Juste avant la pause de Noël, la Commission a transmis à chaque État membre ses recommandations pour les plans stratégiques nationaux qui constitueront la déclinaison de la Pac dans chaque pays. Si l’effort d’analyse est à noter, cet exercice pose la question cruciale de la cohérence entre la Pac et les objectifs de Bruxelles en matière de Green Deal. À la lecture des recommandations, il ne fait guère de doute que la Commission est prête à imposer ses propres idées sans attendre les décisions des co-législateurs en la matière. En effet, l’élaboration et l’approbation des plans stratégiques précéderont l’adoption formelle des objectifs du Green Deal par le Parlement et le Conseil européen.

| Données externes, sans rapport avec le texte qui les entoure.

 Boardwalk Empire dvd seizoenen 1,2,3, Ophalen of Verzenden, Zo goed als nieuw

Or, les propos de Bruxelles sont explicites : « Ces recommandations sont adressées aux États dans le cadre d’un dialogue structuré. Avec d’autres considérations pertinentes, elles seront utilisées par la Commission dans son évaluation des plans stratégiques de la Pac. La Commission vérifiera, au moment de leur approbation et de leur modification, leur cohérence globale avec les objectifs et les cibles du Green Deal. » Afin d’exercer une pression supplémentaire sur les ministères de l’Agriculture, Bruxelles demande que les autorités environnementales nationales soient associées à l’élaboration de ces plans stratégiques.

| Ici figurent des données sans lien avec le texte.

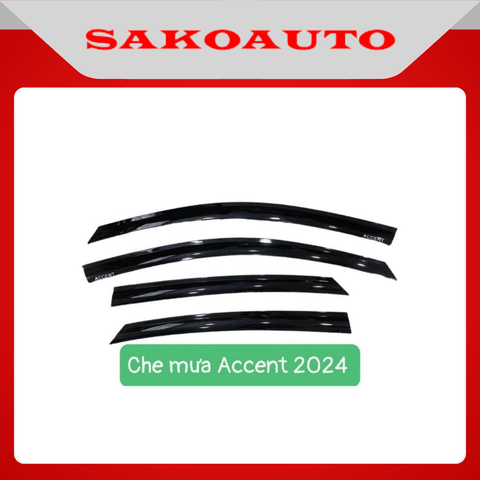 VÈ CHE MƯA ĐEN HYUNDAI ACCENT 2018 - 2025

Avec ces documents de recommandations, elle trace les contours d’une politique dont la physionomie irait d’une politique économique à une politique plus sociale et environnementale. Sa stratégie est explicite : agir sans attendre l’avis des États membres et du Parlement sur le Green Deal. Il revient donc à ces derniers soit d’encadrer clairement les pouvoirs de la Commission – ils en ont la possibilité en insérant dans les négociations Pac les clauses définissant ses pouvoirs d’approbation des plans stratégiques – soit d’accepter que celle-ci les mette devant un fait accompli en matière de déclinaison du Green Deal dans la Pac. Mais nul ne pourra alors se défausser avec un « c’est la faute à Bruxelles ».
Pendant ce temps, de l’autre côté de l’Atlantique, les États-Unis ont renforcé, fin 2020, leurs aides aux secteurs agricoles de quelque 26 milliards de dollars de plus.